┏━━
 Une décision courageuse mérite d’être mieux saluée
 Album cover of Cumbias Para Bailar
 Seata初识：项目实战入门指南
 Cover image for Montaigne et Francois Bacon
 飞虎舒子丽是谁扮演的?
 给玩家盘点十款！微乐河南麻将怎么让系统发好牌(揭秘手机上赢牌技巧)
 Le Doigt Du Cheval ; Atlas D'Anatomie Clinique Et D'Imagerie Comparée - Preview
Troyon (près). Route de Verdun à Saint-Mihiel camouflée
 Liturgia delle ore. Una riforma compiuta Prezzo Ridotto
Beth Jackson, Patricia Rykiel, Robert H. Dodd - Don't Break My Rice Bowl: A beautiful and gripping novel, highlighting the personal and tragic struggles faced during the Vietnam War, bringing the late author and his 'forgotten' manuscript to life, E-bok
┗━━
┏━━
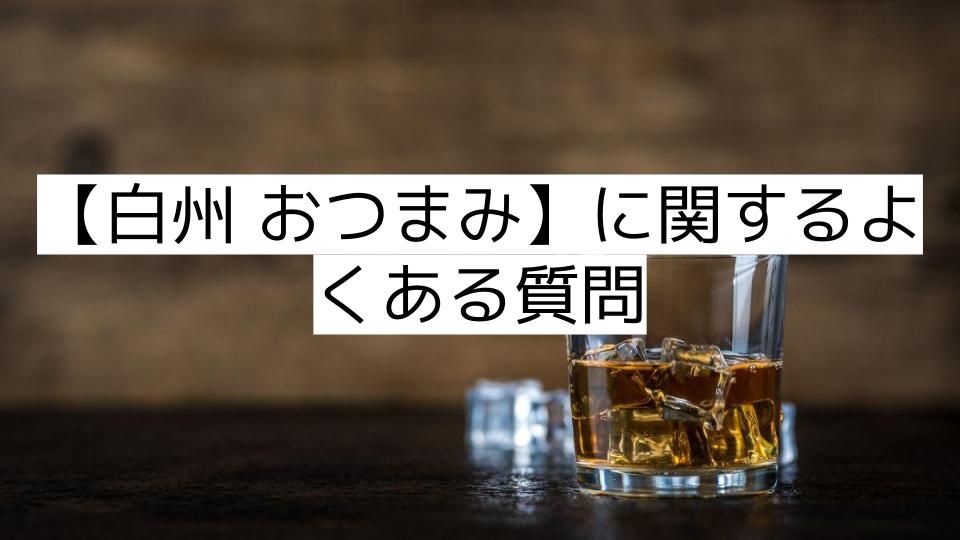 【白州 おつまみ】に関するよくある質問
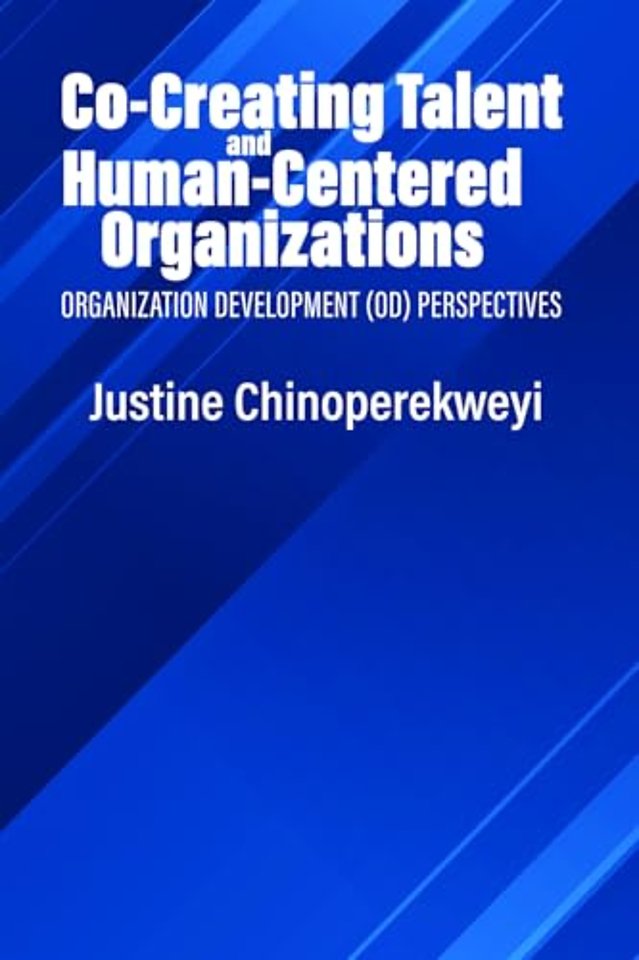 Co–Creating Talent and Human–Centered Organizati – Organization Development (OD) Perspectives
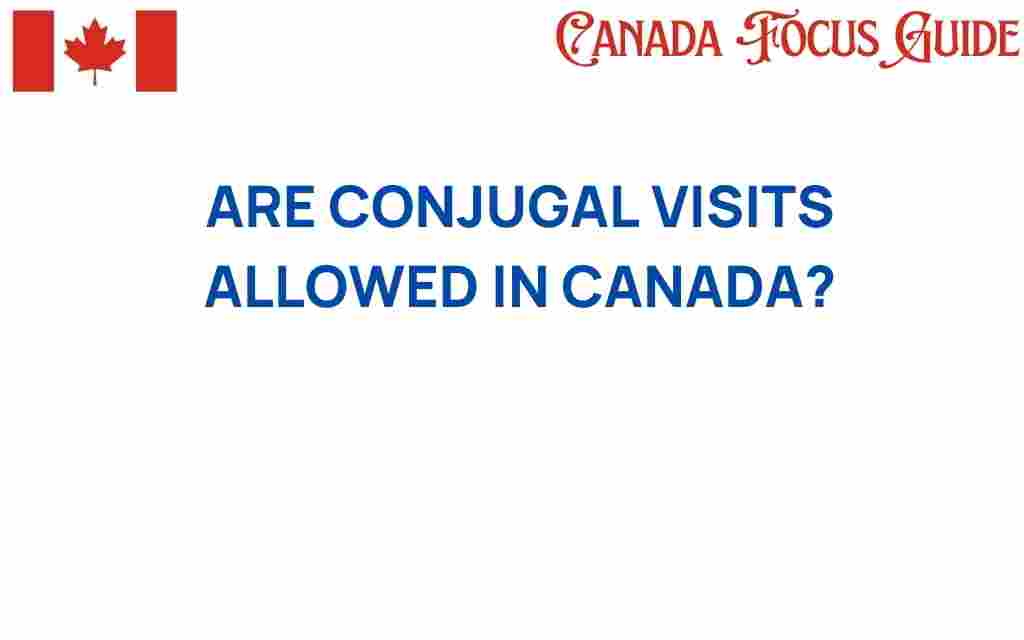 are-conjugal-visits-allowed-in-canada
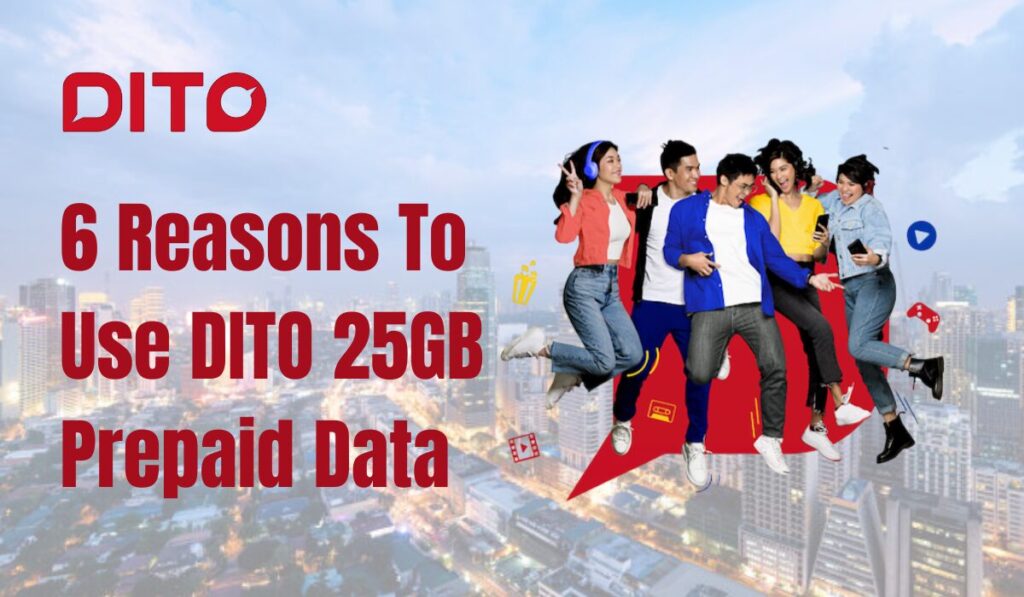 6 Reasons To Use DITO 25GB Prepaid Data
┗━━
┏━━
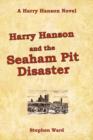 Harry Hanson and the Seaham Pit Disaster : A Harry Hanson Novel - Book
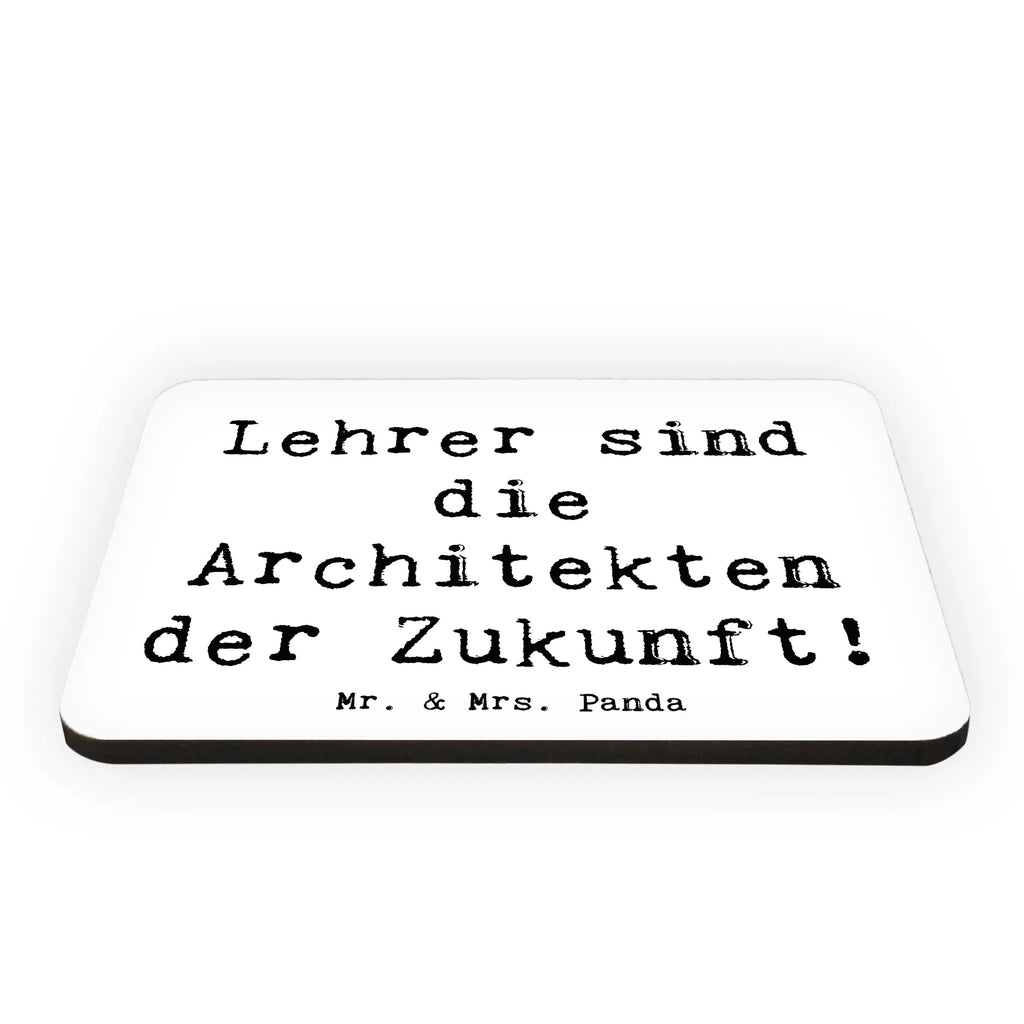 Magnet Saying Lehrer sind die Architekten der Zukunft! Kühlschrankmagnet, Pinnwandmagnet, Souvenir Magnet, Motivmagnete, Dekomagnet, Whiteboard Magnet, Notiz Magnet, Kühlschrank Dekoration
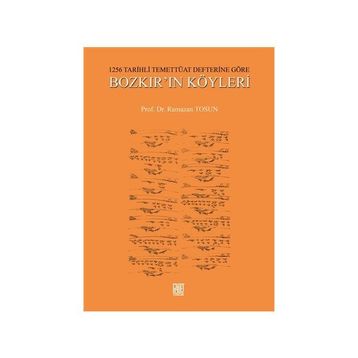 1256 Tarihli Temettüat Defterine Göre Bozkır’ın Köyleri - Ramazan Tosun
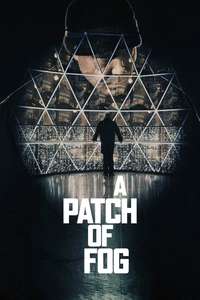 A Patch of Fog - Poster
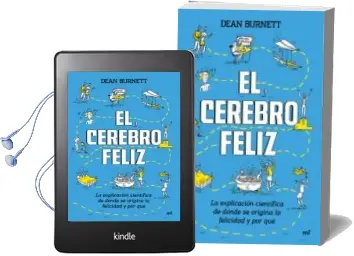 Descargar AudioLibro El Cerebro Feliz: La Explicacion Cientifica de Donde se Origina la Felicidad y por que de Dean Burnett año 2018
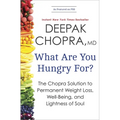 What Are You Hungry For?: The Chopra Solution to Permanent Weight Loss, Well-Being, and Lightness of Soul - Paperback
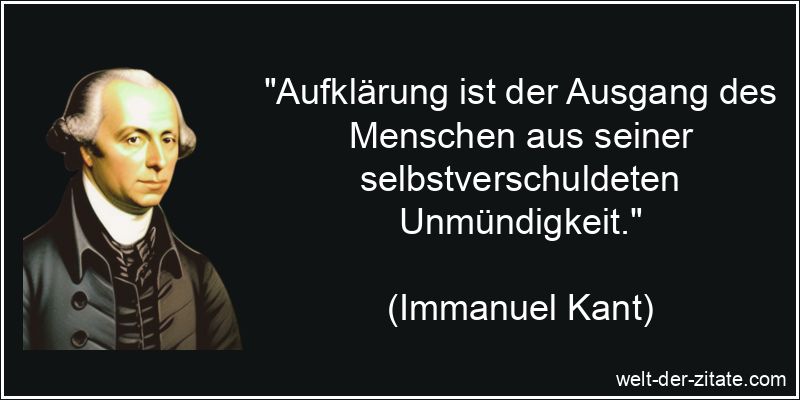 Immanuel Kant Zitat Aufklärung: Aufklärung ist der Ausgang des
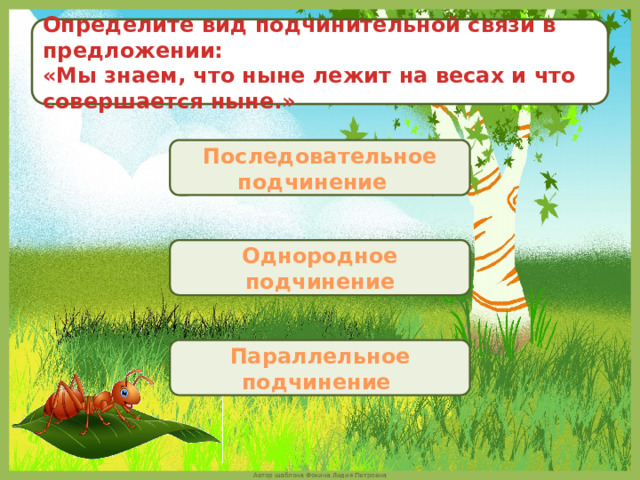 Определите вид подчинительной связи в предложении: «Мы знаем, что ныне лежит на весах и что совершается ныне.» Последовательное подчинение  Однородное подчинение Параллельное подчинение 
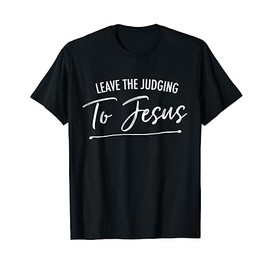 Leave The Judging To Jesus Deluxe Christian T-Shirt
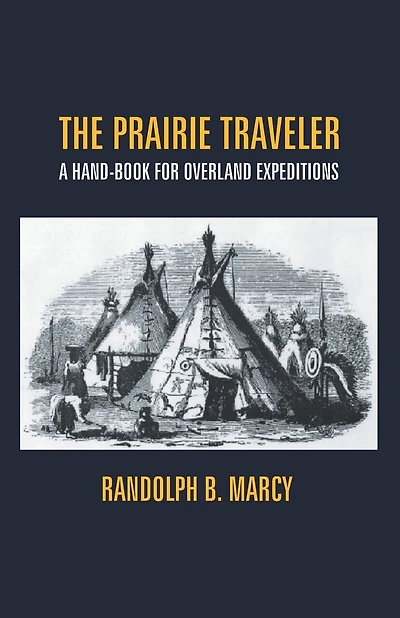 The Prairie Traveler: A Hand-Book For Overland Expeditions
┗━━
▶ _WHAT THE EXERCISE ASKS_
Beginning with the line above that contains "Le Doigt Du", copy each line exactly up to and including the line that contains "Beth Jackson, Patricia", and go no further.

▶ _TASK OUTPUT_
 Le Doigt Du Cheval ; Atlas D'Anatomie Clinique Et D'Imagerie Comparée - Preview
Troyon (près). Route de Verdun à Saint-Mihiel camouflée
 Liturgia delle ore. Una riforma compiuta Prezzo Ridotto
Beth Jackson, Patricia Rykiel, Robert H. Dodd - Don't Break My Rice Bowl: A beautiful and gripping novel, highlighting the personal and tragic struggles faced during the Vietnam War, bringing the late author and his 'forgotten' manuscript to life, E-bok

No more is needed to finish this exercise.